By Isaline Bergamaschi, 15 August 2013
Having experienced several waves of privatisation, the state is no longer seen as being a major provider of jobs or protection against the risks associated to climate conditions or the country’s fragile insertion into the global economy. Critics of the former regime led by Amadou Toumani Touré (ATT) pointed to the fact that democratisation in Mali had gone hand in hand with what Bayart, Hibou and Ellis called ‚the criminalisation of the state‘.

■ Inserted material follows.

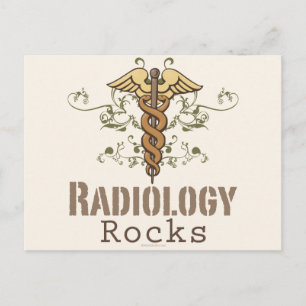 Radiologie Rocks Caduceus Postcard Postkarte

Since the 1990s, successive governments were accused of distributing huge parcels of fertile land near the Office du Niger (an irrigated agricultural area near Ségou in south-central Mali) to international firms. Corruption scandals also came to light about the Global Fund to Fight AIDS Tuberculosis and Malaria.
After a Boeing 727 carrying six tons of cocaine (coming from Latin America and transiting in the Sahel on its way to Europe) landed near Gao in November 2009, the president and his ‚clan‘ were suspected of having connections with and protecting drug-traffickers by US authorities and the national press.

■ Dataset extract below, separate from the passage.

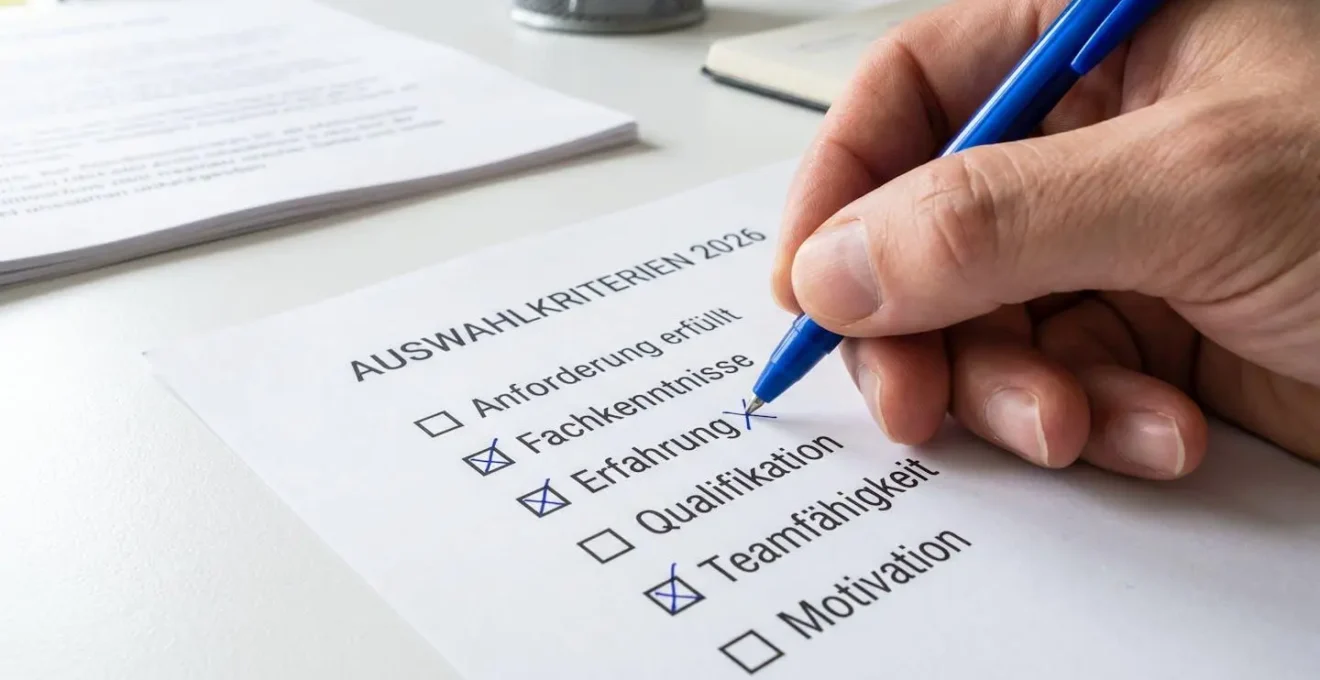 Nahaufnahme einer Hand, die mit einem Kugelschreiber Punkte auf einer gedruckten Checkliste markiert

The army’s lack of preparation, equipment and unity – despite several US-sponsored military programmes and training – were evidenced during a quasi-improvised coup and multiple insurgent attacks in the North between late 2011 and early 2013. The corruption of high-ranking generals – suspected of having ‚eaten‘ the money and built spectacular houses for themselves in Bamako – was a central grievance of putschists and their supporters.